SECARA personal, Dr Pindi Setiawan ibarat air yang sejuk bagi rekan-rekannya. Drs Budi Isdianto menceritakan salah satu momen ketika bertemu ilmuwan luar negeri yang terkejut ketika Pindi bersungkem kepadanya. “Padahal, mungkin karena saya dekat dengan orangtuanya,” kenang Budi. Ia kagum akan sikap Pindi yang penuh hormat kepada orang yang lebih tua meski dirinya sendiri seorang ilmuwan besar.
Kami juga melihat sosok Pindi sebagai senior yang egaliter dan someah (ramah). Kerendahan hati dan kesederhanaannya juga bisa dirasakan dengan kebiasaan putra asli Bandung itu menggunakan nama untuk merujuk diri sendiri atau lazim disebut ileisme.
Praktik yang langka itu membuatnya semakin unik. Sebuah ciri khas ilmuwan yang semakin merunduk seperti padi yang semakin berisi.
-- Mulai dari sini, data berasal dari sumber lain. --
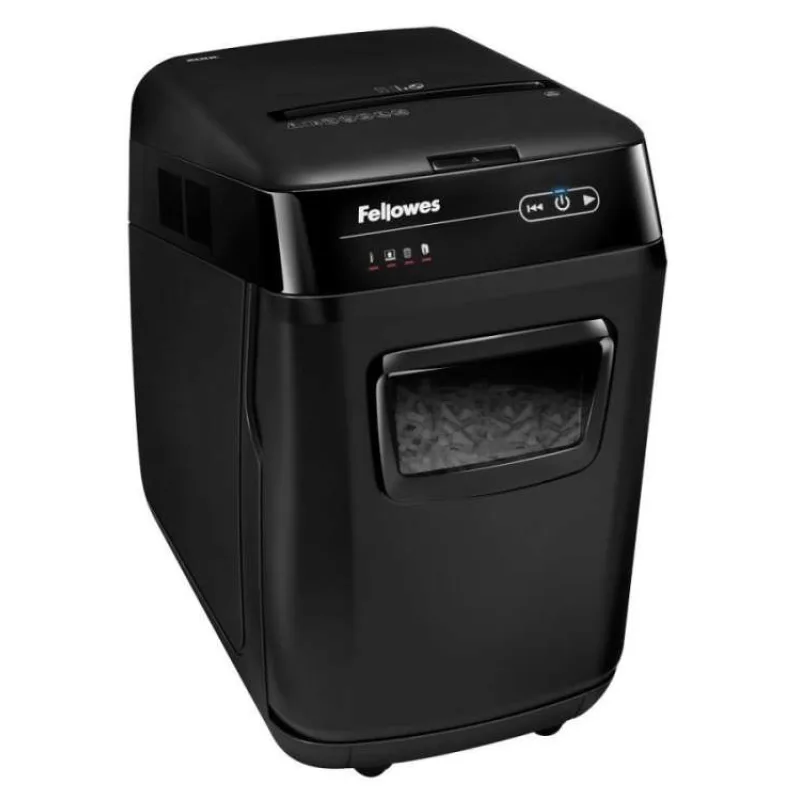 FELLOWES skartovač AutoMax 200 C/ křížový řez 4x38 mm/ objem koše 32 l/ certifikát NBÚ/ stupeň utajení P-4 (důvěrné) (felsham200)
Di tangan beliau, keilmuan seni rupa dan desain menjadi semakin berbudaya ilmiah unggul dan berkontribusi dalam menguak peradaban manusia puluhan ribu tahun lalu.
Kepergian Pindi di usia 57 tahun membuat bangsa ini bukan hanya kehilangan seorang ahli gua level internasional, melainkan juga pendidik yang berkontribusi nyata dalam membantu masyarakat di daerah terpencil. Pindi telah paripurna menjadi sosok perwujudan tridarma perguruan tinggi.